## Aim of the task
Write out the listing from the line with "Hans Agne Jakobsson Hans" to the line with "[International] YI 4K", both lines included, exactly and nothing beyond. Leave pictures out.

## Provided records
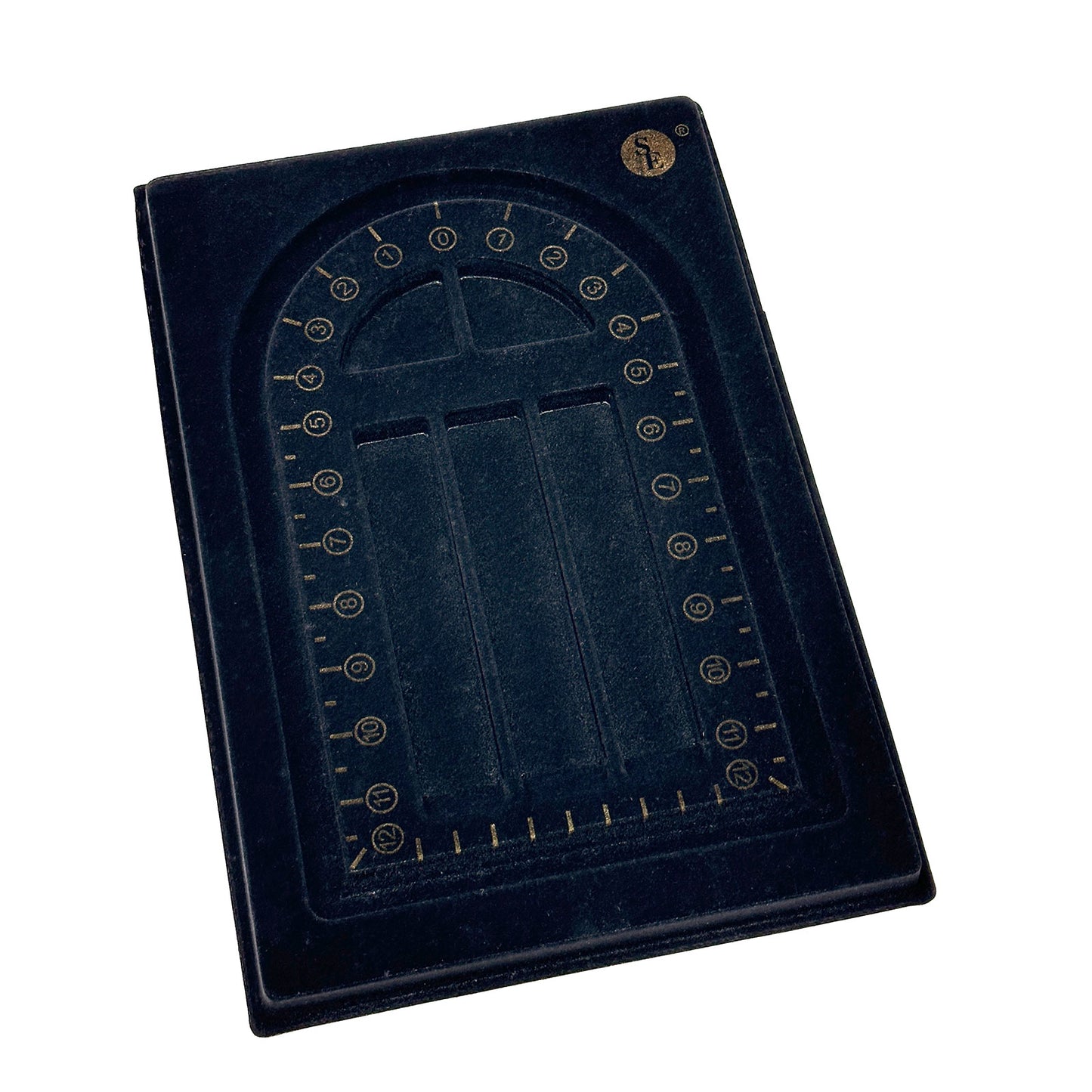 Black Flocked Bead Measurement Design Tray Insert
...
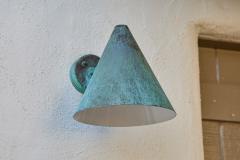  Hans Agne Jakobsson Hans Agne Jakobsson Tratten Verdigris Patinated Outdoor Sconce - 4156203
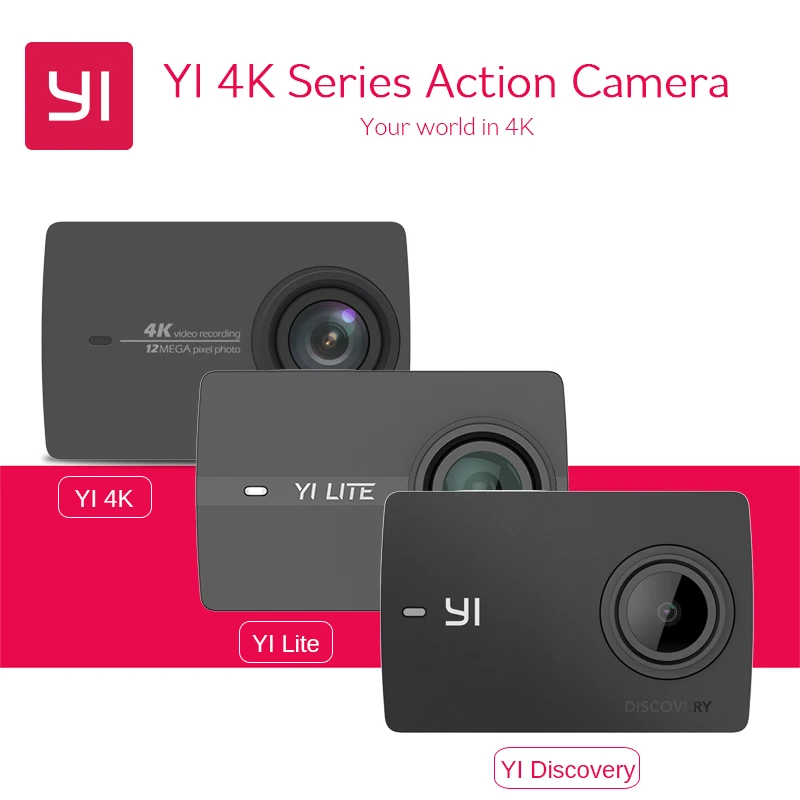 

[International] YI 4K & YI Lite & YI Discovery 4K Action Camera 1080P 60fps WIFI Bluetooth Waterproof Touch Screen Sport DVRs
---
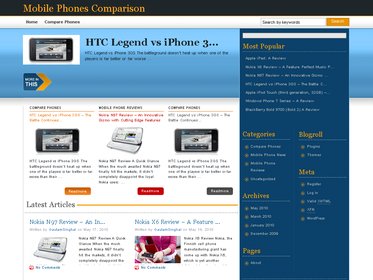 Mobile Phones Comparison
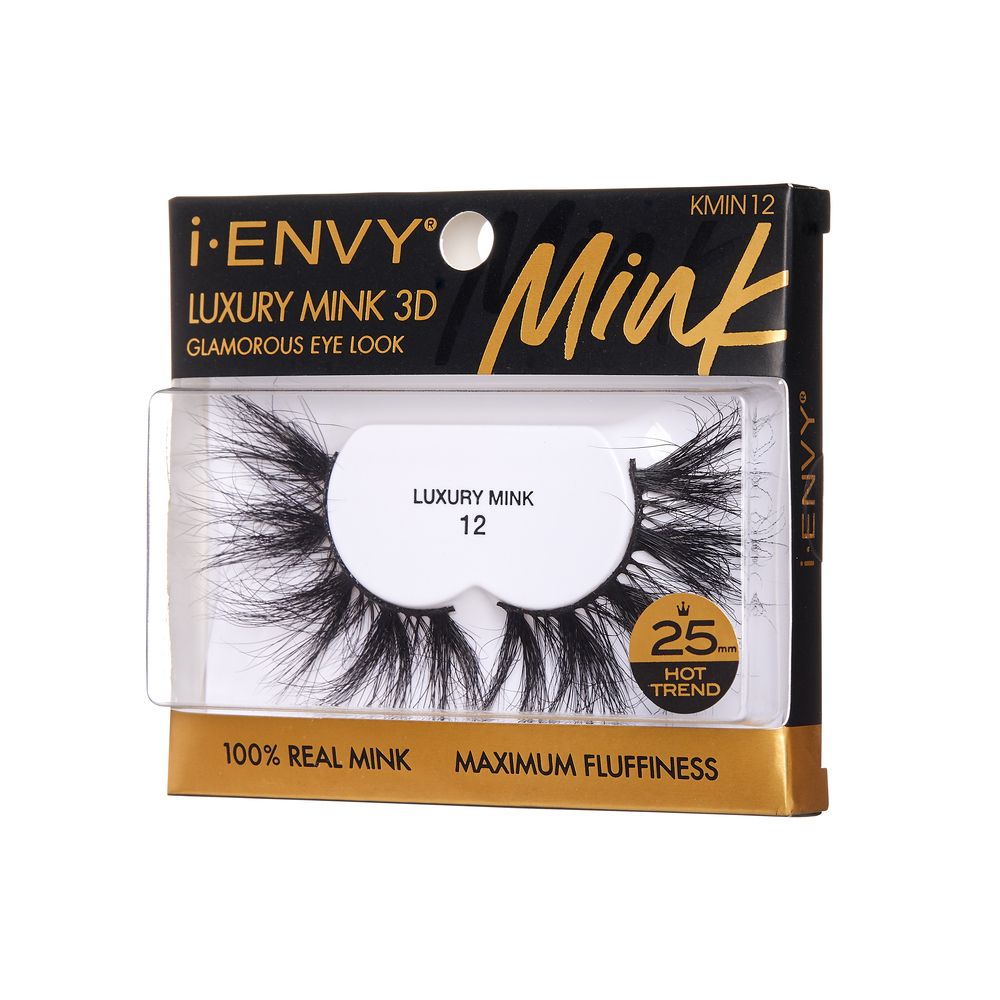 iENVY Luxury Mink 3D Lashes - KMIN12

## Response area
  Hans Agne Jakobsson Hans Agne Jakobsson Tratten Verdigris Patinated Outdoor Sconce - 4156203

[International] YI 4K & YI Lite & YI Discovery 4K Action Camera 1080P 60fps WIFI Bluetooth Waterproof Touch Screen Sport DVRs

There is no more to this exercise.